Task requirements> Set the listing down exactly; no pictures.

Exercise data>
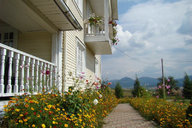 Ferienhaus Casa Andrei Rumänien - Bukowina - Moldau - Dealul Floreni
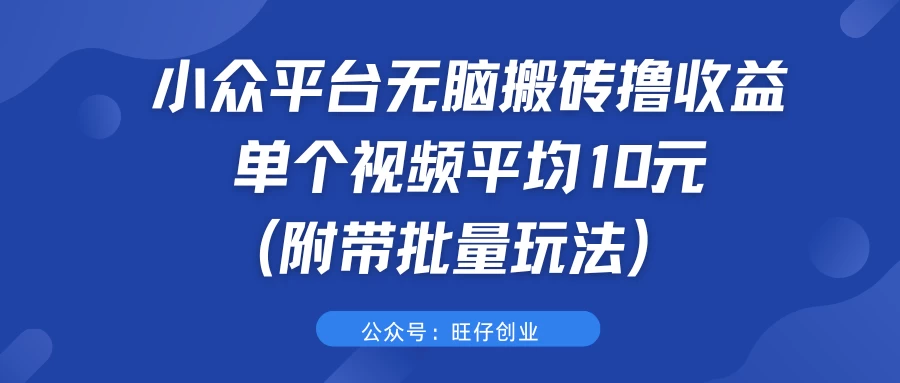 小众平台无脑搬砖撸收益，单个视频平均10元 (附带批量玩法） - 小萌资源网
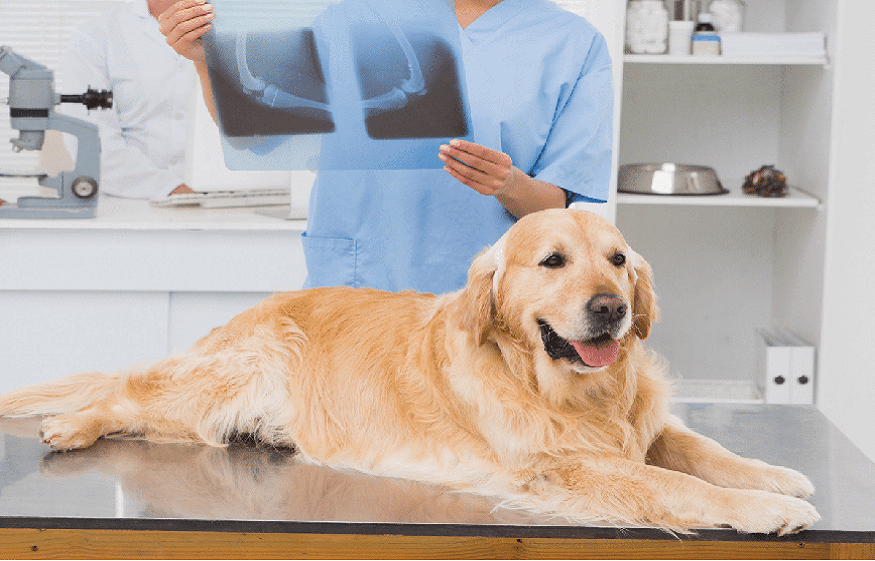 veterinarian in Silver Spring, MD,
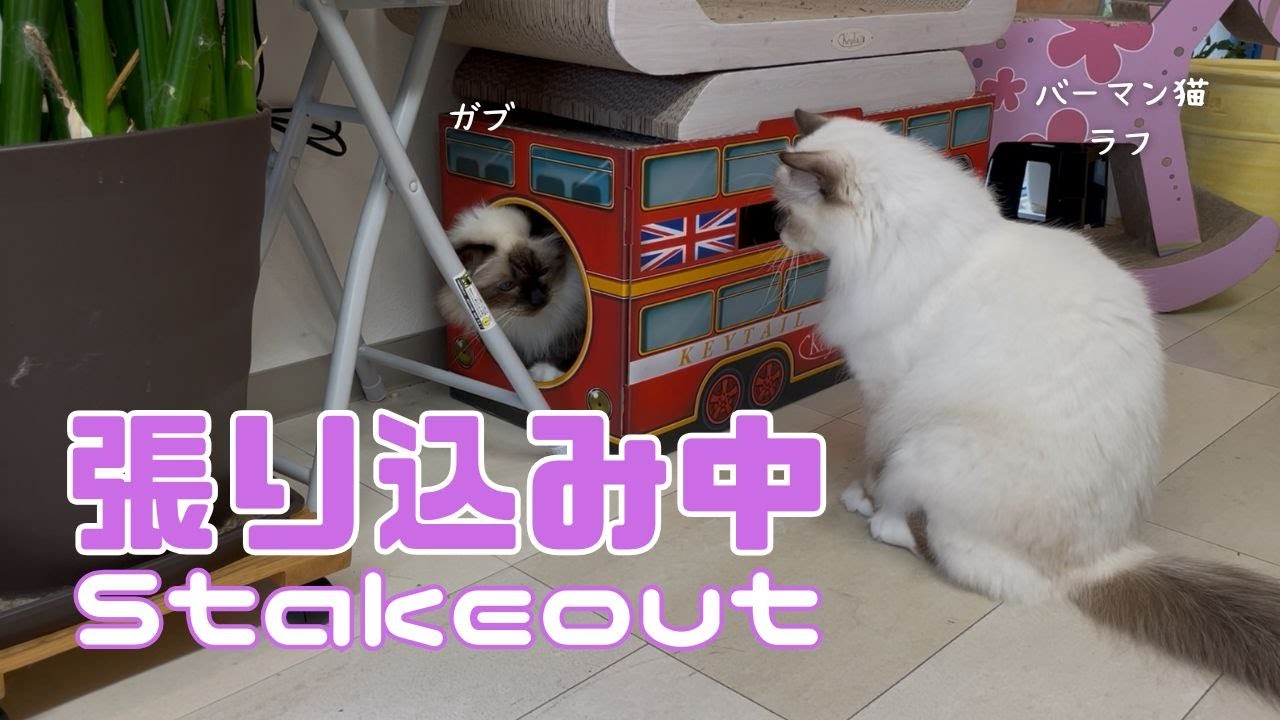 バーマン猫ラフとガブ【張り込み中】Stakeout（バーマン猫）Birman/Cat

Answer below>
 Ferienhaus Casa Andrei Rumänien - Bukowina - Moldau - Dealul Floreni
 小众平台无脑搬砖撸收益，单个视频平均10元 (附带批量玩法） - 小萌资源网
 veterinarian in Silver Spring, MD,
 バーマン猫ラフとガブ【張り込み中】Stakeout（バーマン猫）Birman/Cat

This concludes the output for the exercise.